Problem to work on:
For the data below, transcribe the part that opens with the line containing "GR3N raises €15.5M" and closes with the line containing "Estepona property: Beautiful", exactly and with no pictures.

Supplied data:
------------------------------------
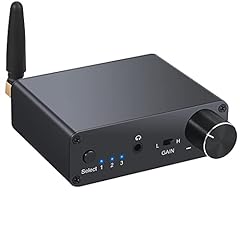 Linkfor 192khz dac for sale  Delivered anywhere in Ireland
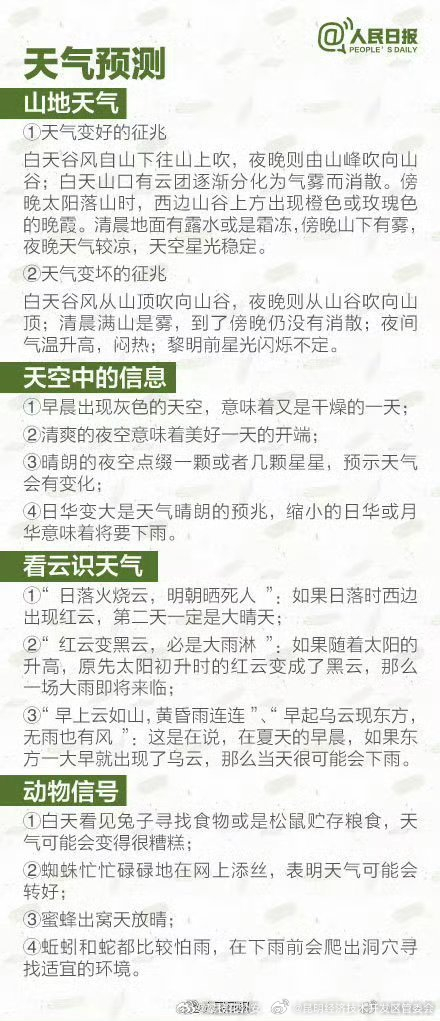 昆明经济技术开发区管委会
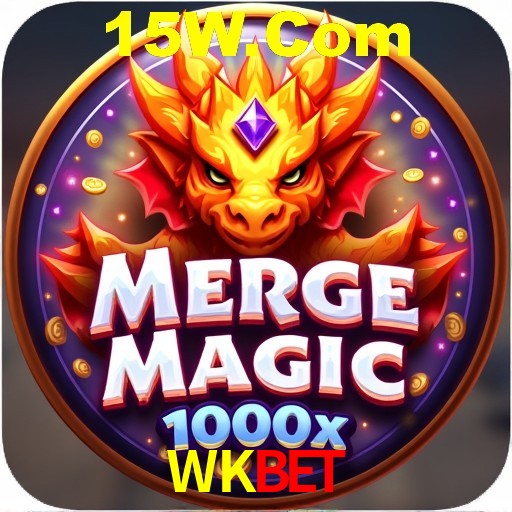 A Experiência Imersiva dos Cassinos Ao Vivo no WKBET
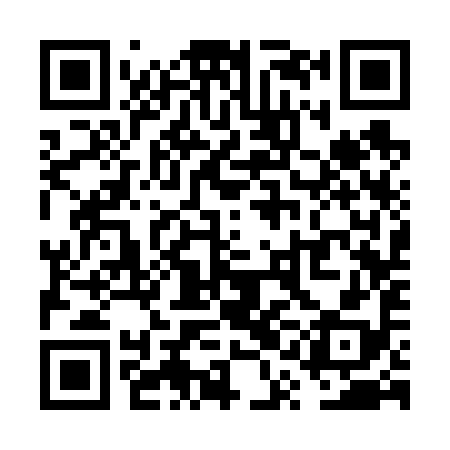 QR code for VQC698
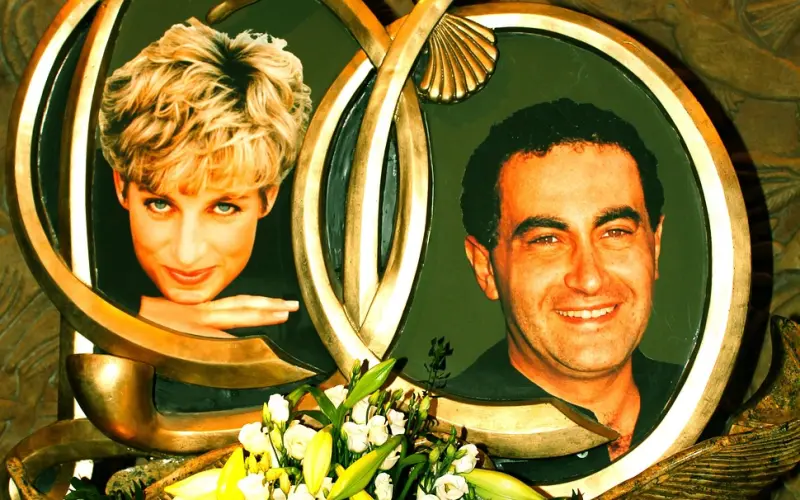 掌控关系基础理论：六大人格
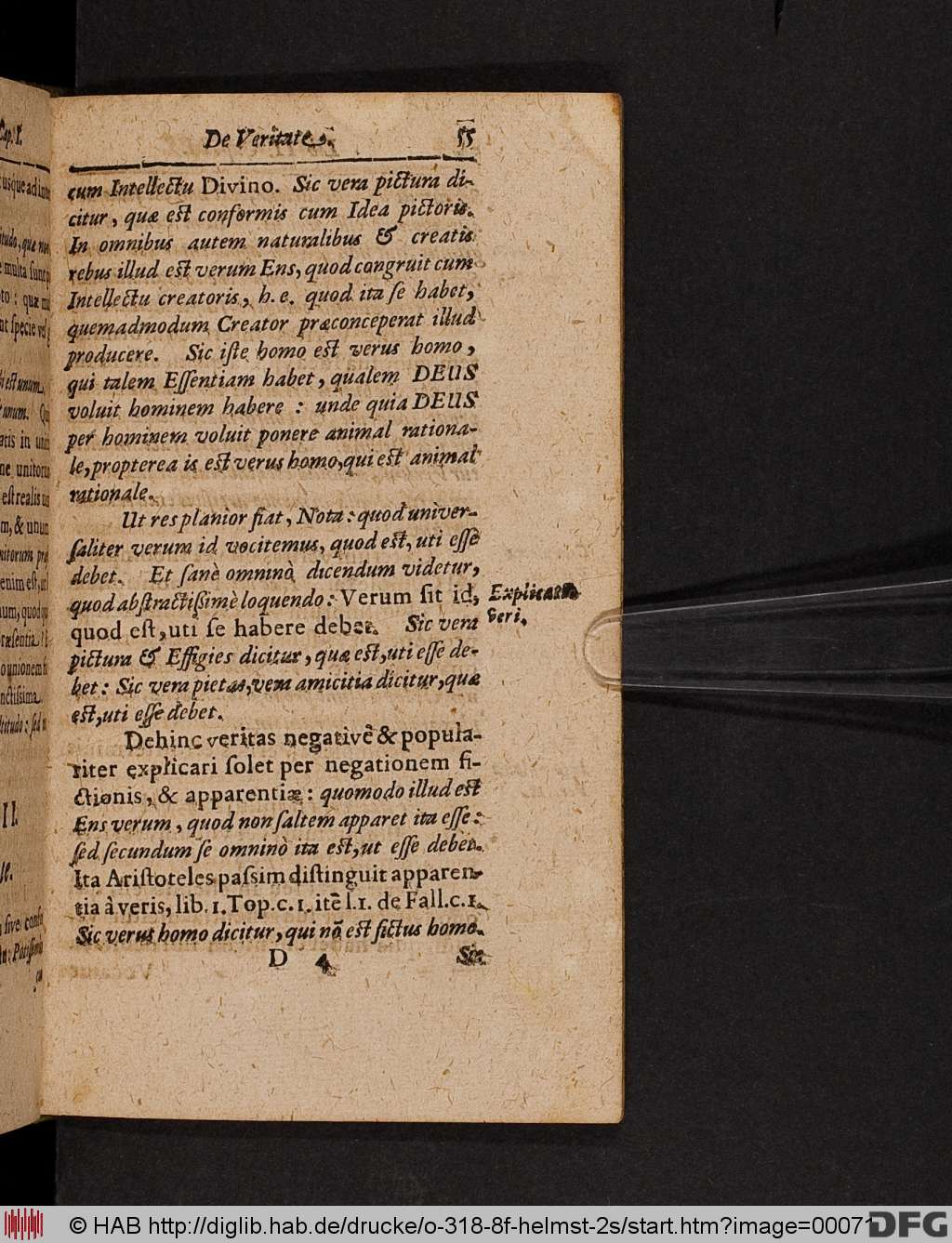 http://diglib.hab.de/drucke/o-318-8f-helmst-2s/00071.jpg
------------------------------------
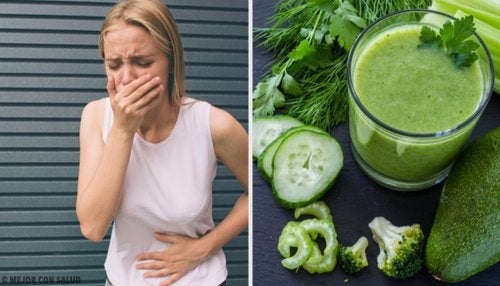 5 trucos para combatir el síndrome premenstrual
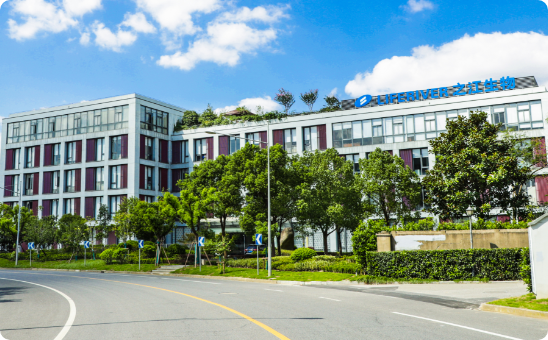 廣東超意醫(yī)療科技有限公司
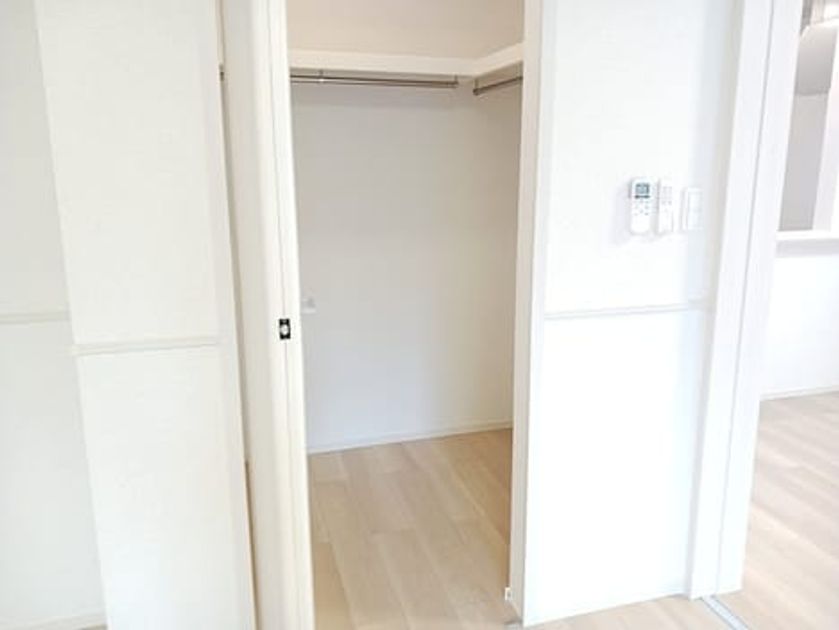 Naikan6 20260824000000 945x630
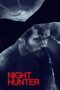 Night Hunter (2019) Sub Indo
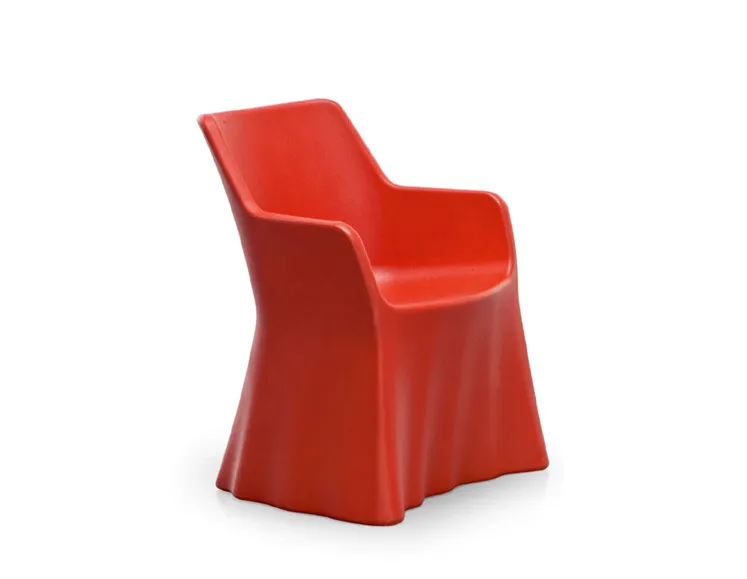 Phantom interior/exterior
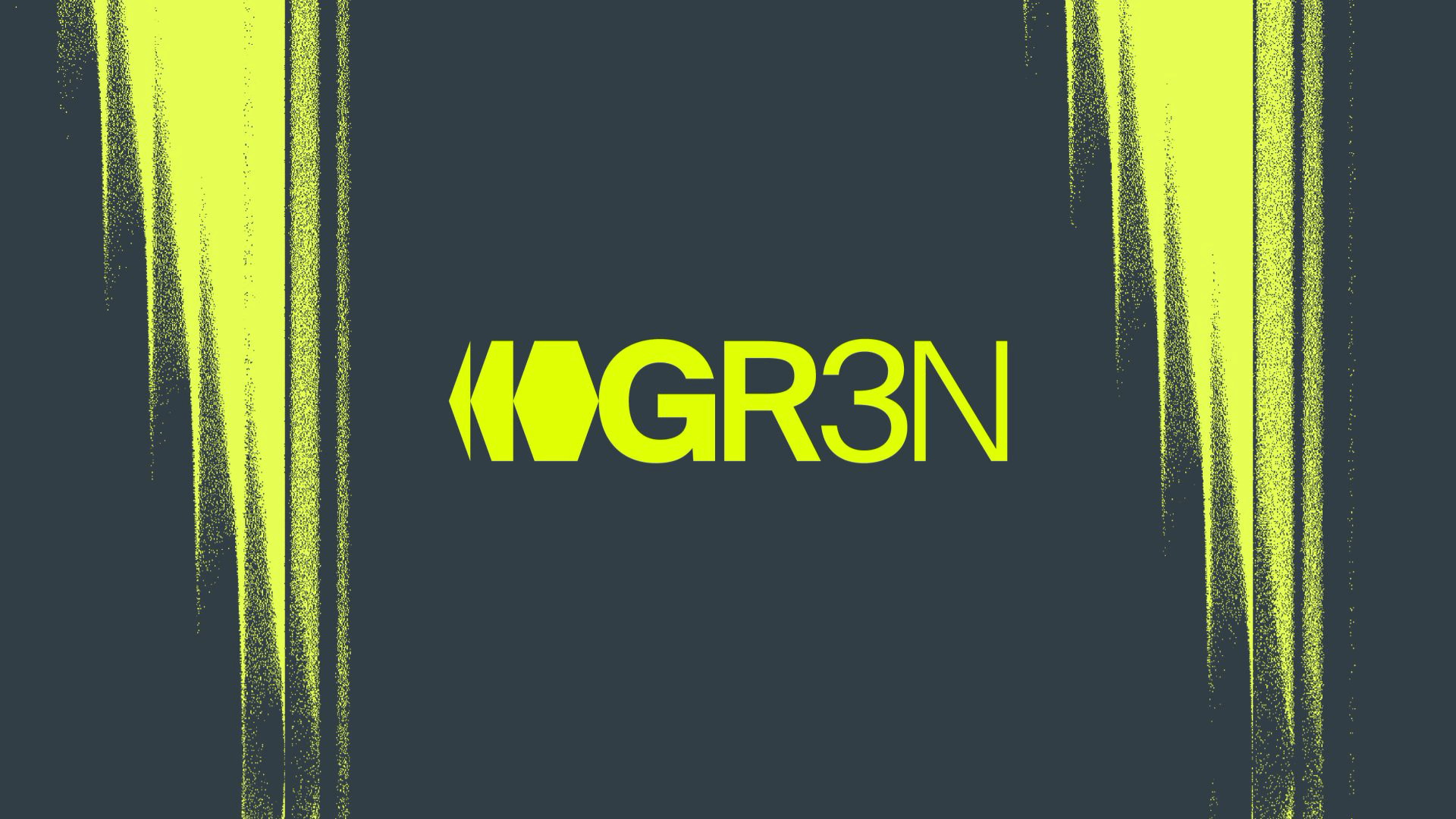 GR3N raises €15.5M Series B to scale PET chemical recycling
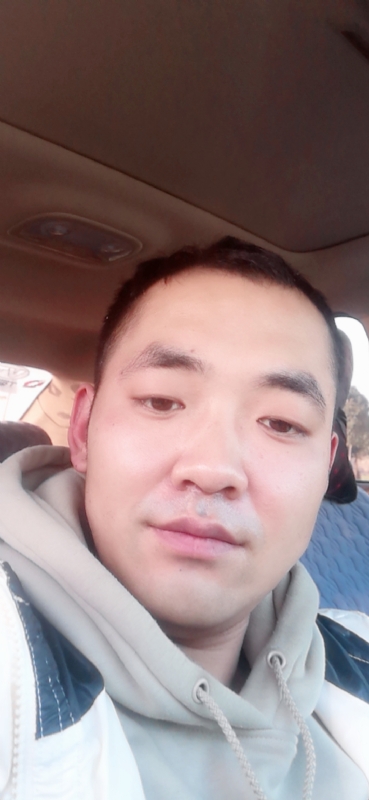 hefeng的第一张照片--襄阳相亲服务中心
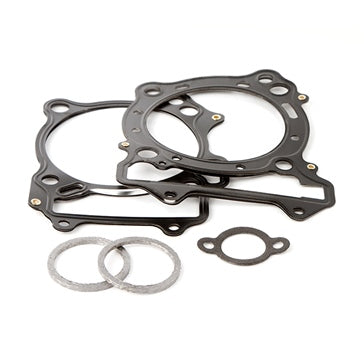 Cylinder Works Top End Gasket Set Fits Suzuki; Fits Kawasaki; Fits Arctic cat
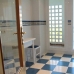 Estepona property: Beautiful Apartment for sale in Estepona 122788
------------------------------------
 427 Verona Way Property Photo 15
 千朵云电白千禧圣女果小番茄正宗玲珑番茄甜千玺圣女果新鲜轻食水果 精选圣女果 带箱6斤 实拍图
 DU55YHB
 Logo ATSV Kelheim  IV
------------------------------------
Solution to this exercise:
 GR3N raises €15.5M Series B to scale PET chemical recycling
 hefeng的第一张照片--襄阳相亲服务中心
 Cylinder Works Top End Gasket Set Fits Suzuki; Fits Kawasaki; Fits Arctic cat
 Estepona property: Beautiful Apartment for sale in Estepona 122788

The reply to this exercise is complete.